Clang's solution (presented at the end of the Wikipedia article you linked) seem much better - just use a single lexical token for both types and variables.

Then, only the parser needs to be context sensitive, for the A* B; construct which is either a no-op multiplication (if A is a variable) or a variable declaration of a pointer type (if A is a type)


Well, as you see this is inherently taking the spirit of GLL/GLR parser -- defer parse until we have all the information. The academic solution to this is not to do it on token level but introduce a parse tree that is "forkable", meaning a new persistent data structure is needed to "compress" the tree when we have different routes, and that thing is called: graph structured stack (https://en.wikipedia.org/wiki/Graph-structured_stack)

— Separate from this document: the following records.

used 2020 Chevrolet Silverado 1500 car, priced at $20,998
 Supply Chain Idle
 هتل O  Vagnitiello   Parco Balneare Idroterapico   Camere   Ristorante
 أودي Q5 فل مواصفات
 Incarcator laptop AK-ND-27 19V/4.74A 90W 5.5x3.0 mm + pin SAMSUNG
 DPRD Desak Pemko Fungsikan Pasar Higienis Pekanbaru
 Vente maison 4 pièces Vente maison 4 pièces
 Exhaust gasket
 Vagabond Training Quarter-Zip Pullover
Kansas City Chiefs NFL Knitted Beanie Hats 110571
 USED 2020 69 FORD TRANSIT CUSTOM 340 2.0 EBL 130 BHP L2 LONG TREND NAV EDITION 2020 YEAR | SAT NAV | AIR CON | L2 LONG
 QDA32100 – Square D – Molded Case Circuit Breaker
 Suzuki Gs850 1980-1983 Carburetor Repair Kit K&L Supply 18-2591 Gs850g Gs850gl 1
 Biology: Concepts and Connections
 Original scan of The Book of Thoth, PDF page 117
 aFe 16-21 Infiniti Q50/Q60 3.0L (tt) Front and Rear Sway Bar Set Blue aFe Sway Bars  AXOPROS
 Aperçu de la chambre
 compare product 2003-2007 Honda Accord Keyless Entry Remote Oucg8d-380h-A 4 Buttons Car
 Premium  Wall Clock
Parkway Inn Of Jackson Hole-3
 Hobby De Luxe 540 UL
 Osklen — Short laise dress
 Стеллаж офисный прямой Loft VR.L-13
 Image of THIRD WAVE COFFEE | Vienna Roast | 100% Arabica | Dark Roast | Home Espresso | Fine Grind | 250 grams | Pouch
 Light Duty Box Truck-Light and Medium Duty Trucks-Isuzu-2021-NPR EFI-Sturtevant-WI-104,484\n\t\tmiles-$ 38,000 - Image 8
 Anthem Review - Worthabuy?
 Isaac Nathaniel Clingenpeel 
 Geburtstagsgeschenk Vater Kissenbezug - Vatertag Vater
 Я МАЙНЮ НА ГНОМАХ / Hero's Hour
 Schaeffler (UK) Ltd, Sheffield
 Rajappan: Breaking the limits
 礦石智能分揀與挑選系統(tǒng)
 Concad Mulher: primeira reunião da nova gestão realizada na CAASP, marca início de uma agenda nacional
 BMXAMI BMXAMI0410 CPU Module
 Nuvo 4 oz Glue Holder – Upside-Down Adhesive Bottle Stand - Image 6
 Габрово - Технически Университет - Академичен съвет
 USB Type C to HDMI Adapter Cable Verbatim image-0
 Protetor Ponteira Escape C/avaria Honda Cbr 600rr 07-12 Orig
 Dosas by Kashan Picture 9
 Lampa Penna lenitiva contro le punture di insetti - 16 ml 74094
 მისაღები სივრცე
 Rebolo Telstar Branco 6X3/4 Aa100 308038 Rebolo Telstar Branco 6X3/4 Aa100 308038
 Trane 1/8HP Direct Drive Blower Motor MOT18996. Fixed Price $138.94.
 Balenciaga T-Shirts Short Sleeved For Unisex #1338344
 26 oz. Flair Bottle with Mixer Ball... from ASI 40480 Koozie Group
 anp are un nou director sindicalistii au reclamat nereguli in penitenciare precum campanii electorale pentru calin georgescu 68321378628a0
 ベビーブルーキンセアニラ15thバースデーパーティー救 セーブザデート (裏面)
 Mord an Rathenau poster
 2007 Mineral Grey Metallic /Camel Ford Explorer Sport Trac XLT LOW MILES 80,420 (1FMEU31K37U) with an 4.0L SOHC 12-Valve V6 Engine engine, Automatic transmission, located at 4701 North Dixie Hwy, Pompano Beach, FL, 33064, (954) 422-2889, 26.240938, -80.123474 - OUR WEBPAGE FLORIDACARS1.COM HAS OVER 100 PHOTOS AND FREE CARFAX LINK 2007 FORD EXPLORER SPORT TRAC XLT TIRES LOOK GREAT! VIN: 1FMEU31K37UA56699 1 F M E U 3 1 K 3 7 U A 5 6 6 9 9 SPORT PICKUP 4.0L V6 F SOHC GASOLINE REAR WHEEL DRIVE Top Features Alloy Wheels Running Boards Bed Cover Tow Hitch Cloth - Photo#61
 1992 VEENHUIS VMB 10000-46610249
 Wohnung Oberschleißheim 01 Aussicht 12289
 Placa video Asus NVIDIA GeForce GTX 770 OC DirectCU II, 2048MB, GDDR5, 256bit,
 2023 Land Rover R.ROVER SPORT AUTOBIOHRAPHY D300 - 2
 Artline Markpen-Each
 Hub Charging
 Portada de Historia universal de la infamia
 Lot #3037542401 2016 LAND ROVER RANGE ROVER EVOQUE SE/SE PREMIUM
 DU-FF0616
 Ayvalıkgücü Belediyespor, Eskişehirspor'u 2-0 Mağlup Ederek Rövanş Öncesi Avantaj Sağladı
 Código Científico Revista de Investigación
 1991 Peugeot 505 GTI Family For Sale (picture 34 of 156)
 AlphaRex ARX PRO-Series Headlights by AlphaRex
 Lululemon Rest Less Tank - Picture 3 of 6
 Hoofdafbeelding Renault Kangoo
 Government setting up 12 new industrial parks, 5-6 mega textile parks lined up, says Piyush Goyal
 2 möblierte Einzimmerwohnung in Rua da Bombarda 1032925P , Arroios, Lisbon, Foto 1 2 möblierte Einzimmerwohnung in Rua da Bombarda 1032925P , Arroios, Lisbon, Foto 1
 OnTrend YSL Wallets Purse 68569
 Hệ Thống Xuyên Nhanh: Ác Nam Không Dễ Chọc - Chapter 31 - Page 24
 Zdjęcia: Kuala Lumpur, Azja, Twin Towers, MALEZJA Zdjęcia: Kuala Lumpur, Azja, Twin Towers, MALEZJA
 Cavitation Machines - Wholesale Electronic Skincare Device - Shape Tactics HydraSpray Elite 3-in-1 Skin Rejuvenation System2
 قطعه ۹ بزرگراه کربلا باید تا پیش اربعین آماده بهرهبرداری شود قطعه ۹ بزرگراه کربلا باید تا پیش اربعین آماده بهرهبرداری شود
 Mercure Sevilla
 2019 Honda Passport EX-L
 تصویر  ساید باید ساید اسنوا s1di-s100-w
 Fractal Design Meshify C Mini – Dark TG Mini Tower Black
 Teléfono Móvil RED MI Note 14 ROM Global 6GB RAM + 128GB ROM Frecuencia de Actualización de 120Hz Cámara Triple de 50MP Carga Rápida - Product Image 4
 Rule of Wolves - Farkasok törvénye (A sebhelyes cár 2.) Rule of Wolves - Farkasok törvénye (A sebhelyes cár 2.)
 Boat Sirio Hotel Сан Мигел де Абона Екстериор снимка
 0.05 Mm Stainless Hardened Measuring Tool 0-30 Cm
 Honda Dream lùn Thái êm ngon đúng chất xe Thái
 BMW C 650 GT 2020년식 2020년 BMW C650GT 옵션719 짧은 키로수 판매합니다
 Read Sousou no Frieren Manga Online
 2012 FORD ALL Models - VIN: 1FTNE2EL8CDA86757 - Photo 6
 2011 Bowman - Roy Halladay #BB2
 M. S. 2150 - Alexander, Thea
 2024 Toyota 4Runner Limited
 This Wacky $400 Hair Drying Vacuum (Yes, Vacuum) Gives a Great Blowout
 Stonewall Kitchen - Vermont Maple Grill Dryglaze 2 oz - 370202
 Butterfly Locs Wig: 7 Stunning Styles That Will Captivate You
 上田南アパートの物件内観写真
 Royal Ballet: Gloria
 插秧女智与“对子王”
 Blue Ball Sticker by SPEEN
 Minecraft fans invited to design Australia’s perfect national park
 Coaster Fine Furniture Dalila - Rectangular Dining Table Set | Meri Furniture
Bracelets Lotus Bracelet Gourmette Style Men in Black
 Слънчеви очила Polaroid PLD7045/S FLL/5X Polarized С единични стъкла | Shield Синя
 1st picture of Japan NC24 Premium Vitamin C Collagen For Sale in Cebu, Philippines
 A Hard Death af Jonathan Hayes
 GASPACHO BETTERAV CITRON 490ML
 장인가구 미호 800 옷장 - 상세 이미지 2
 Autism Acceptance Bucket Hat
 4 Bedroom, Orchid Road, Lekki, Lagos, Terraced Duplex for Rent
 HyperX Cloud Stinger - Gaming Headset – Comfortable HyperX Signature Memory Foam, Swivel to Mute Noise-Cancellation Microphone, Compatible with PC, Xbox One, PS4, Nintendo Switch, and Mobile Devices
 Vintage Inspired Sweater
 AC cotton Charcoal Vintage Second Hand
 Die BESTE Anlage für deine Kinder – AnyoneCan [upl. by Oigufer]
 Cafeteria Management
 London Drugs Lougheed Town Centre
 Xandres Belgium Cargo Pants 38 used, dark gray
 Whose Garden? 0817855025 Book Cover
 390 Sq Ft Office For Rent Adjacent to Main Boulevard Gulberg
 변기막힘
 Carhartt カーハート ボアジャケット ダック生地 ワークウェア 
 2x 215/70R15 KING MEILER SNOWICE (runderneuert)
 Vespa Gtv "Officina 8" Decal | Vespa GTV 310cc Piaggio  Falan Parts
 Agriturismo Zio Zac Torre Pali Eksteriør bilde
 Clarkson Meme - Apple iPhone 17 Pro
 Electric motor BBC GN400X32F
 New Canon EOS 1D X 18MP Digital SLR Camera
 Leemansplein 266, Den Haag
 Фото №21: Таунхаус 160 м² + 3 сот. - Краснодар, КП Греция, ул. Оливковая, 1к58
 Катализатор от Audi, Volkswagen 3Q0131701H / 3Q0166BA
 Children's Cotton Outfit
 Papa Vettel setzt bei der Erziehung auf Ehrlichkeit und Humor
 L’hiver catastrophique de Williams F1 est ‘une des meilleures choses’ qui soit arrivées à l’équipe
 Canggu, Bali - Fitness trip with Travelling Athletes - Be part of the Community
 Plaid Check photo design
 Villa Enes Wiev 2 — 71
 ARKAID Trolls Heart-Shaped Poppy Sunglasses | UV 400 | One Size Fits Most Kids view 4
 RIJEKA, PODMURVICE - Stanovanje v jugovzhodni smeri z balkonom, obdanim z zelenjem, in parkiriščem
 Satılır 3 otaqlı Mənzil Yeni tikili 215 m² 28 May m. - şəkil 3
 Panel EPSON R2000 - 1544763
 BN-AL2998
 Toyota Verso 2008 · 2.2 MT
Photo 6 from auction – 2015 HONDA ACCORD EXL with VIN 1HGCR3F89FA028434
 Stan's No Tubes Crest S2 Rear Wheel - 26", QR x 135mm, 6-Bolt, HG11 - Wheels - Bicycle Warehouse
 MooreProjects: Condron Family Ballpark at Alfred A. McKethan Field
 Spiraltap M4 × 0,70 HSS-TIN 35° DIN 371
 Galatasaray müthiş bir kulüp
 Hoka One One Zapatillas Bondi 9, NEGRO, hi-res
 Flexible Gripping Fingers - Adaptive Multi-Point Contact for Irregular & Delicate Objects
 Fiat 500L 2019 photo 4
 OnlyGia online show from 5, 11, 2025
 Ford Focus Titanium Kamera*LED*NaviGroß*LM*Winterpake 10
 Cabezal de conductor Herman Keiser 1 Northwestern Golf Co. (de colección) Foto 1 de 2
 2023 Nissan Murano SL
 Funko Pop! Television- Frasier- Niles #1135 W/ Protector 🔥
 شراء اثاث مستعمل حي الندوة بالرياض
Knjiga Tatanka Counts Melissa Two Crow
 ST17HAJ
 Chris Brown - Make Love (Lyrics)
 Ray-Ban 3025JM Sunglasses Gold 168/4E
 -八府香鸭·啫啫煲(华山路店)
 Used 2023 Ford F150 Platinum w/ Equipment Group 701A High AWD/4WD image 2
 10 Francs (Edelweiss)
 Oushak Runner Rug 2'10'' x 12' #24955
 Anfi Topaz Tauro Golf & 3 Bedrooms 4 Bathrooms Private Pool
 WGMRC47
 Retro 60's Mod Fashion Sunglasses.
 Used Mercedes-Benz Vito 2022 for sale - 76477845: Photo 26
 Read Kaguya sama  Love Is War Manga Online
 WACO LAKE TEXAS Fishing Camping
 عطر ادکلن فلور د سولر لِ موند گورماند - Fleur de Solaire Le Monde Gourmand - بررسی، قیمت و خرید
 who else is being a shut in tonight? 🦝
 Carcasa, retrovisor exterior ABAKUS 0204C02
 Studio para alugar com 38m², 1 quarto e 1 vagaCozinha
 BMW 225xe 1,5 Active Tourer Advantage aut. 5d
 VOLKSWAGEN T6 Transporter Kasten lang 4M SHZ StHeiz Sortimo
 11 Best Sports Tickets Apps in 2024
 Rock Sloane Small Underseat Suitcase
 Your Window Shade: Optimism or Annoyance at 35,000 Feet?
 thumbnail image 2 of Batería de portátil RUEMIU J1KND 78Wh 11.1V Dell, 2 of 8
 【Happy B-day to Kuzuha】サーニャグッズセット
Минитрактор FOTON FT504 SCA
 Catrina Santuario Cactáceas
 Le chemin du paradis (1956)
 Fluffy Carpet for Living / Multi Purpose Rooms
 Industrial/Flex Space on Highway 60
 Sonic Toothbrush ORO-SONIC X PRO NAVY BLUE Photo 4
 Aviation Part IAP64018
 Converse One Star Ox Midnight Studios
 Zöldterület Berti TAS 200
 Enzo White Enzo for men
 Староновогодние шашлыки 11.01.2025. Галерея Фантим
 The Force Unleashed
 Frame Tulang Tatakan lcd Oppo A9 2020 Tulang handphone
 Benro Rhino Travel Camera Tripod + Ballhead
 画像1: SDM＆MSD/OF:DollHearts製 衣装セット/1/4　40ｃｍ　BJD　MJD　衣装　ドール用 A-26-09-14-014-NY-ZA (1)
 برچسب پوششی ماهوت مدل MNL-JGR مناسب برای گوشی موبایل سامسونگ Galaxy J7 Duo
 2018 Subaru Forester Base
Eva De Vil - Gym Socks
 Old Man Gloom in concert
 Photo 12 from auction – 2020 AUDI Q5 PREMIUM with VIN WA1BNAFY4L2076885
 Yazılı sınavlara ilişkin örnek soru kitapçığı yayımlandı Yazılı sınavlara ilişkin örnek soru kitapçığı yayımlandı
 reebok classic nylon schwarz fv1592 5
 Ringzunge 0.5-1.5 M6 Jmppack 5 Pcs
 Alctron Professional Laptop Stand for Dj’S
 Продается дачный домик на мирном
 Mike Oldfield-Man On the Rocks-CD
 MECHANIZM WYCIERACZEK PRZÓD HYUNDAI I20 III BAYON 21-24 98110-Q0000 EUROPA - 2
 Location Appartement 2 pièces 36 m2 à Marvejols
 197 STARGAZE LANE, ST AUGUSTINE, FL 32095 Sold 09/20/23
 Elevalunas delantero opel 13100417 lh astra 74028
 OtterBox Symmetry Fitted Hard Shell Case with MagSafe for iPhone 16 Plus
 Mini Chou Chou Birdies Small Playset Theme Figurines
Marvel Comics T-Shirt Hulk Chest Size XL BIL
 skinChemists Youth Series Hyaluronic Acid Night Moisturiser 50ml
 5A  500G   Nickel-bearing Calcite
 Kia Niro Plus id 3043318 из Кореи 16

I think you're referring to this one: https://github.com/jhjourdan/C11parser


What I had specifically in mind definitely wasn't using OCaml or Menhir, but that's a very useful resource, as is the associated paper, "A simple, possibly correct LR parser for C11", https://jhjourdan.mketjh.fr/pdf/jourdan2017simple.pdf

This is closer to what I remember, but I'm not convinced it's what I had in mind, either: https://github.com/edubart/lpegrex/blob/main/parsers/c11.lua It uses LPeg's match-time capture feature (not a pure PEG construct) to dynamically memorize typedef's and condition subsequent matches. In fact, it's effectively identical to what C11Parser is doing, down to the two dynamically invoked helper functions: declare_typedefname/is_typedefname vs set_typedef/is_typedef. C11Parser and the paper are older, so maybe the lpegrex parser is derivative. (And probably what I had in mind, if not lpegrex, was derivative, too.)